Methods. An integrated analysis was performed to maximize the value of the large pool of data from the two studies in answering clinically relevant questions. The primary objective was to compare the change in LS BMD at month 12. Secondary objectives included comparing (a) the change in total hip (TH) BMD, (b) changes in bone turnover marker concentrations, (c) time to disease recurrence, and (d) safety at month 12.

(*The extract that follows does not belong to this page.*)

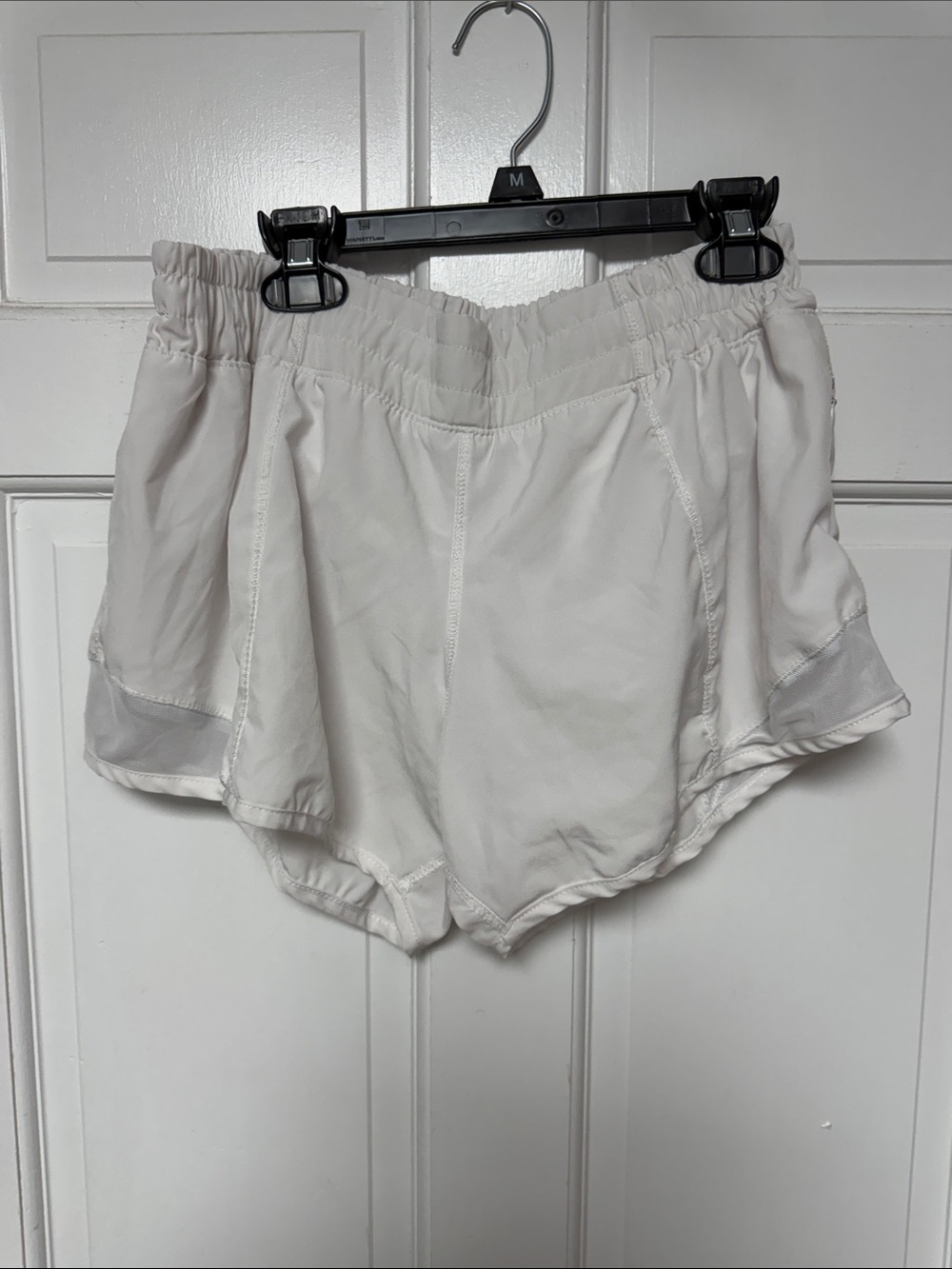 Varsity Light Cream Athletic Running Shorts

Findings. The integrated analysis included 1,667 patients. At month 12, LS BMD was 5.2% higher in the upfront group than in the delayed group; TH BMD was 3.5% higher. N-telopeptide and bone-specific alkaline phosphatase concentrations decreased by 21.3% and 12.8% in the upfront group and increased by 21.7% and 24.9% in the delayed group, respectively (p < .0001 for intergroup comparisons). Fewer patients receiving upfront zoledronic acid experienced disease recurrence than patients in the delayed group—seven patients (0.84%) versus 17 patients (1.9%) (p = .0401). Fracture rates were similar. No confirmed osteonecrosis of the jaw was reported.

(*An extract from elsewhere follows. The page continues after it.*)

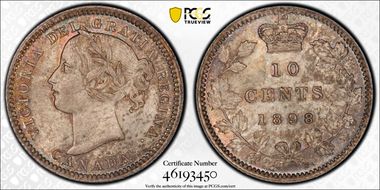 1898 10C OT6 MS66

Conclusions. The results of this analysis strengthen the statistical validity of the preliminary results of the Z-FAST and ZO-FAST studies, showing that upfront zoledronic acid prevents aromatase inhibitor–associated bone loss more effectively than delayed-start zoledronic acid in postmenopausal women with early-stage breast cancer receiving letrozole. Additionally, disease recurrence appears to be lower with upfront zoledronic acid, but further follow-up is needed to confirm these interim results. "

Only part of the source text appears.